The Administrator and the Trust understand that some or all of the
services described in this subparagraph (d) may be deemed to represent services
primarily intended to result in the sale of Class D Shares ("Special Class D
Services"). The Administrator agrees to present reports as to out-of-pocket
expenditures and internal expense allocations of the Administrator and the
Distributor at least quarterly and in a manner that permits the Qualified
Trustees (hereinafter defined) to determine that portion of the fees hereunder
which represents reimbursement in respect of Special Class D Services.
(e) Personnel. The Administrator shall also make its officers and
employees available to the Board of Trustees and officers of the Trust for
consultation and discussions regarding the administration of the Funds and
services provided to the Funds under this Agreement.

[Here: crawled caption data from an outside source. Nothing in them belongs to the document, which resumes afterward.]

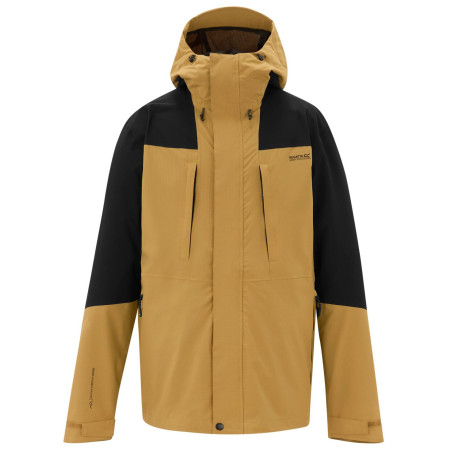 Regatta Freesdale férfi dzseki barna WdBrn/Blck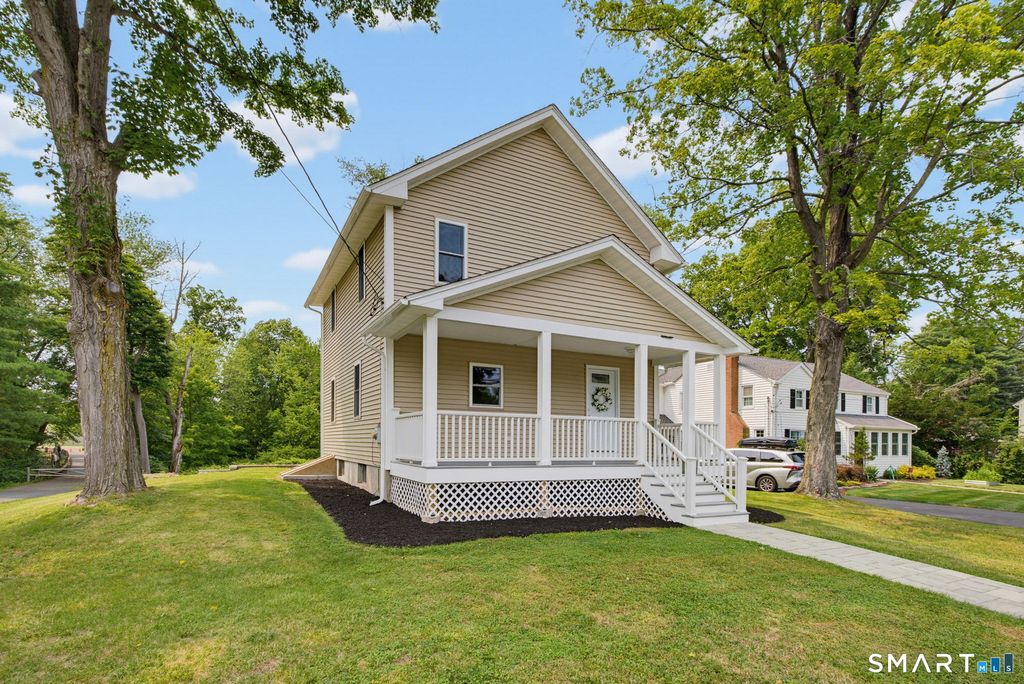 53 Prospect Street, Bloomfield, CT 06002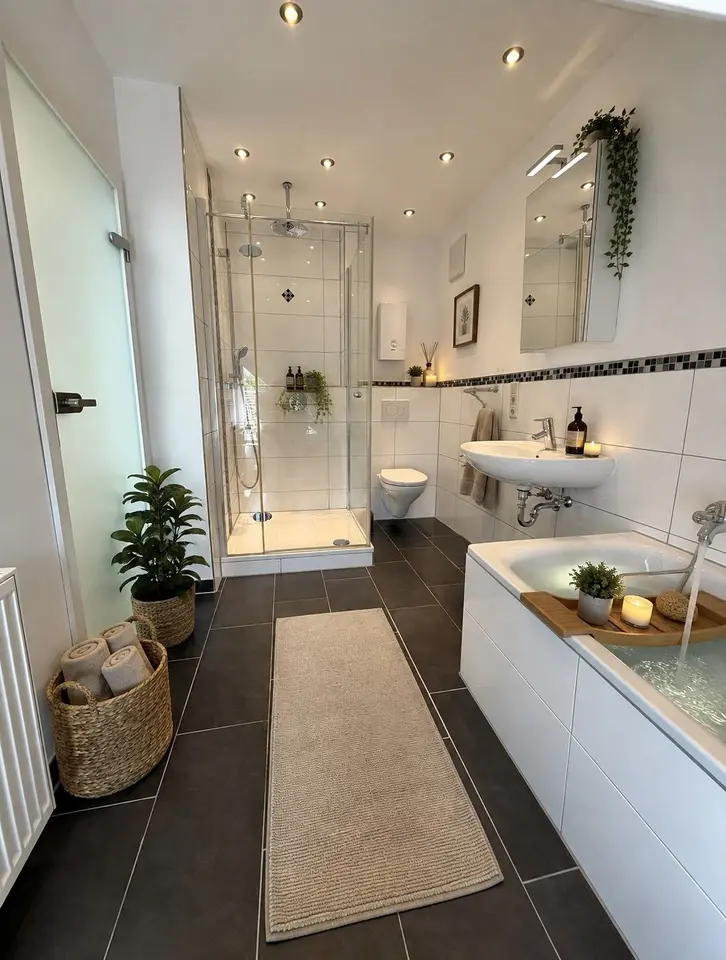 4 Zimmer Haus mit 110 m² in Trier – Bild 5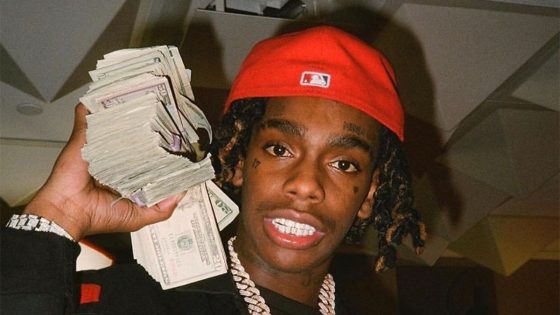 YNW Melly mother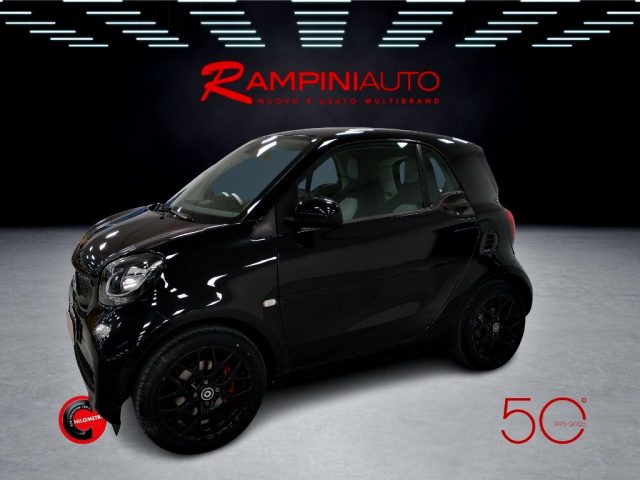 SMART ForTwo usata 9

(f) Standards; Reports. In performing these services, the Administrator:
(i) Shall conform with the 1940 Act and all rules and regulations
thereunder, with all other applicable federal, state and foreign laws
and regulations, with any applicable procedures adopted by the Trust's
Board of Trustees, and with the provisions of the Trust's Registration
Statement filed on Form N-1A as supplemented or amended from time to
time;
(ii) Will make available to the Trust, promptly upon request, any of
the Funds' books and records as are maintained under this Agreement, and
will furnish to regulatory authorities having the requisite authority
any such books and records and any information or reports in connection
with the Administrator's services under this Agreement that may be
requested in order to ascertain whether the operations of the Trust are
being conducted in a manner consistent with applicable laws and
regulations.
(iii) Will, in addition to reports required by Section 2(d),
regularly report to the Trust's Board of Trustees on the services
provided under this Agreement and will furnish the Trust's Board of
Trustees with respect to the Funds such periodic and special reports as
the Trustees may reasonably request.
(iv) Will comply, to the extent applicable, with the requirements of
Title V of the Xxxxx-Xxxxx-Xxxxxx Act, 15 U.S.C. (S)(S) 6801 et seq., as
may be amended from time to time, and any regulations adopted thereto,
including Regulation S-P of the Securities and Exchange Commission, as
well as with any other applicable federal or state privacy laws and
regulations, including but not limited to the Massachusetts Standards
for the Protection of Personal Information, 201 CMR 17.00, et seq.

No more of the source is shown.